Hi Darren, JonnyT,
what sort of discrepancy are you lookin for?
well, if there was at least 3-5 pips (
at least!), I could talk and argue with broker, but since I have seen lows of 77 and 78 on Refco charts, saxo charts and couple more - well, I have no case here.
the inter bank market participants (ie banks) have access to true market prices/ spreads which can vary according to liquidity
Yes, its usually 1-2 pips on inter bank or when trading with bank like UBS, and it can vary...but when there is a high volatility, broker platforms are not perfect as well...
The various fx brokers that offer the rest of us access to the fx market also have access to the inter bank rates and base their quotes on this, but as I understand it, have to offer fixed spreads
correct
They make their turn on the generally 1 to 2 pips they make on each transaction?
No, you see it depends. I am no insider in broker manipulations, but most (actually I think all) of the trades you execute are executed with the broker - that's what market maker means, and they have the balance on the look. So its not 1-2 pips, as they don't take prices to inter bank - its all 3/4 or 5 pips - all the difference is theirs.
When I mean balance - I mean they are looking at total shorts and longs on particular pair. Most of the time its more or less same balance - that's the nature of the market, but when there is a high volatility and "one way game" - those are the hard times for brokers. Dealers are sitting on the watch to find any orders they can and so on... Naturally, if they have imbalance in some currency - for example, they have too much longs accumulated on USDCAD - and by far not enough shorts to neutralize the longs - that's the time when they can turn to their bank and go to inter bank market by taking part of those longs out to real market...
You will just never hear broker saying that when you execute a trade, broker is the counter party - its no good for them, as all the "stop hunting" and "playing against you" questions pop up, and they are relevant... so brokers claim they have banks that they trade through...that is part of the truth.

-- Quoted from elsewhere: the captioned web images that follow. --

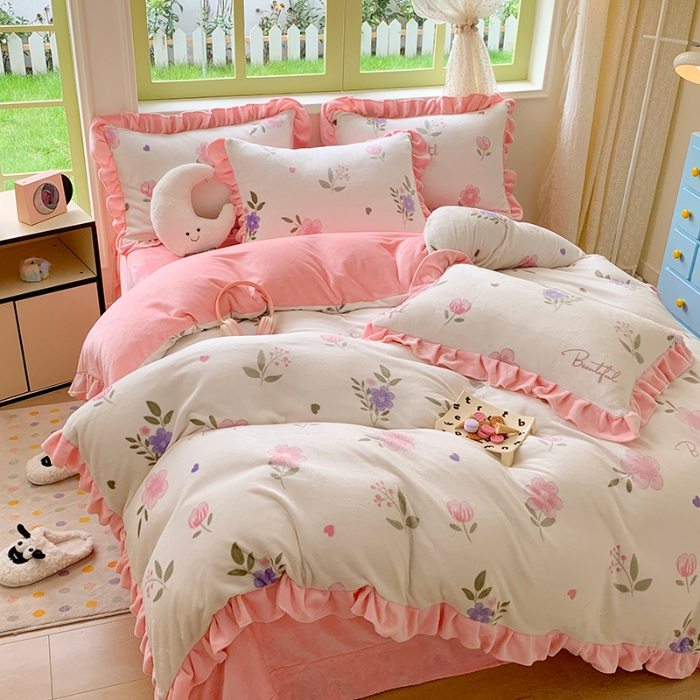 91家纺网 家纺一手货源 找家纺 （总）喜梦缘家纺  2025新款直播热款高克重韩版牛奶绒四件套婚庆四件套双拼四件套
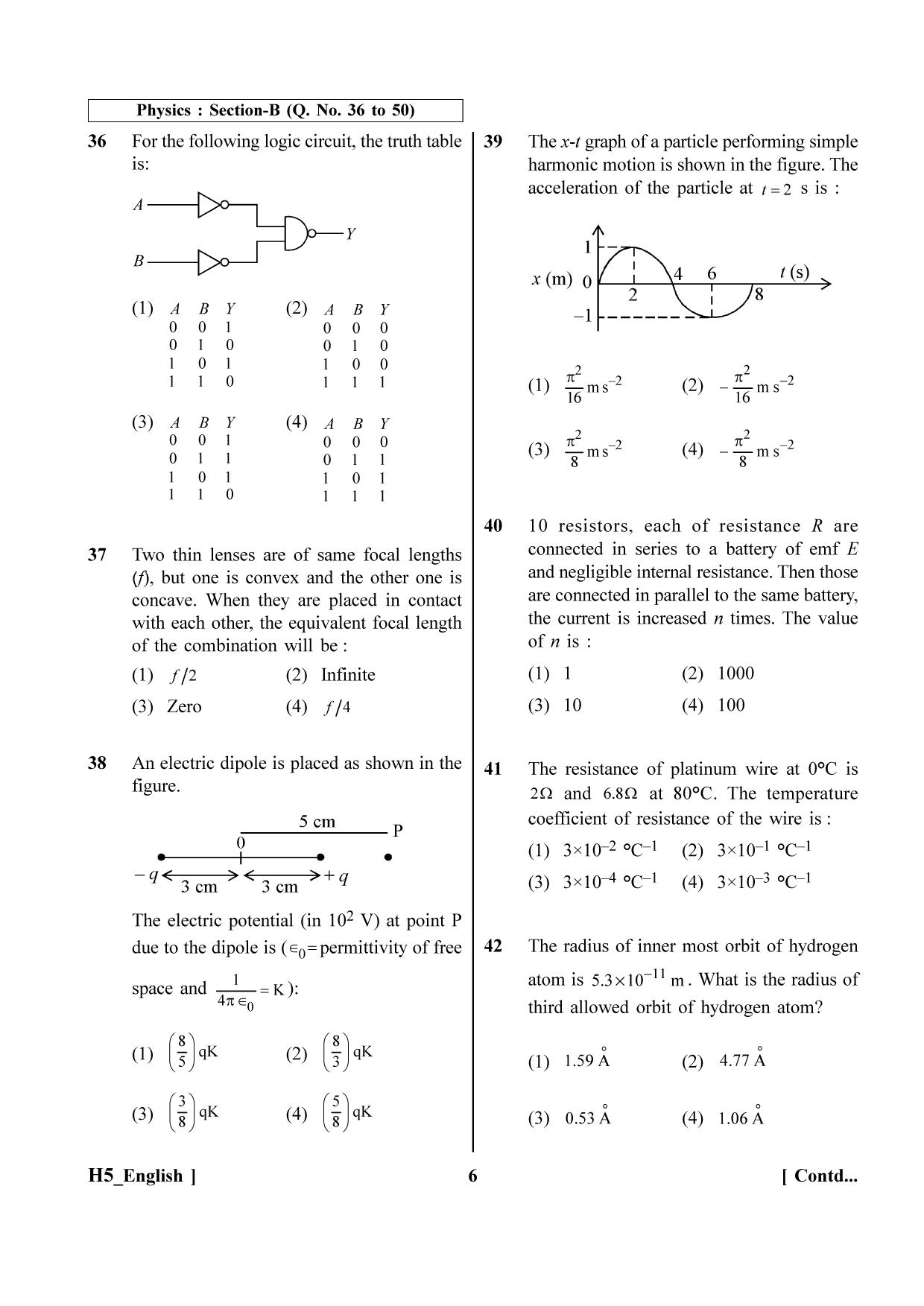 NEET 2023 H5 Question Paper - Page 6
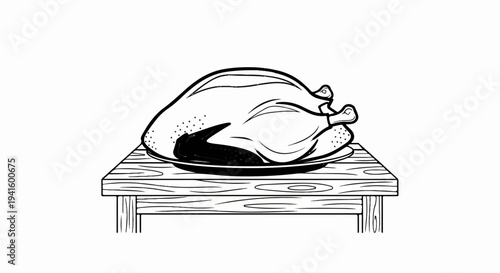 A simple line drawing of a cooked chicken on a platter atop a wooden table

However, the price you and I deal at is the brokers price, which could vary from the inter bank market, particularly at times of low liquidity? Consequently, the price that each fx broker offers can vary between each other?
If prices can vary between brokers/ data sources, would you be able to hold your broker to a price offered by another broker if you found there was a discrepancy?

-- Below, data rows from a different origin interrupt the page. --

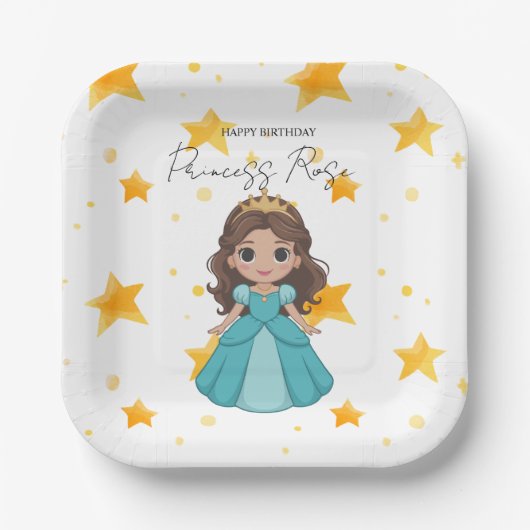 Modern Star and Disney Princess Birthday Pappteller (Vorderseite)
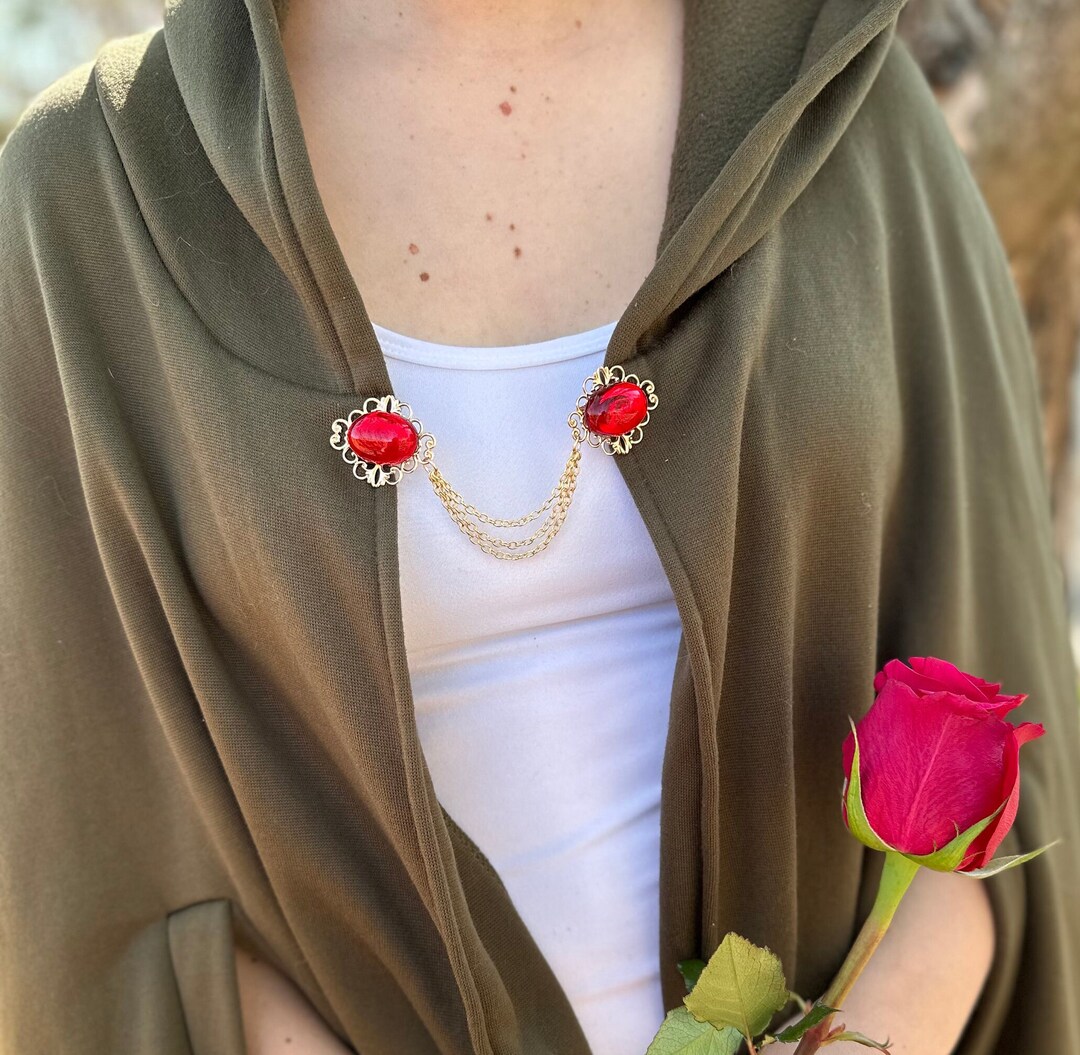 NEW Red & Gold Cloak Clasp W/ Chains | Medieval Renaissance | Renfaire ...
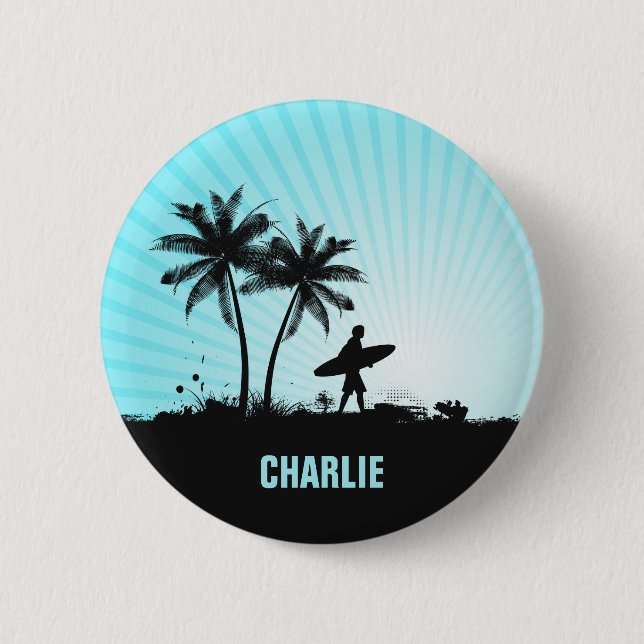 Beach Surfer custom name button (Front)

Well, there is a limit to what self-respecting broker would do. If all the sources show low was 82 and your broker claims it was 78, you have a case, but as you see, I don't in this situation.
You see, even when you are on real inter bank - there is no "global" quote at any given time. That is the difference compared to other markets that have physical locations through which trades go. Here, we have several big electronic trading platforms that gather largest FX market participants like FXall, bloomberg, EBS and have a gathered orders and prices flow - but each and every of these platforms are apart, and can have different prices. Except for that there are also other inter bank transactions that form the FX market prices...and so there is no real "last" quote, as then you'd have to ask "last quote where?".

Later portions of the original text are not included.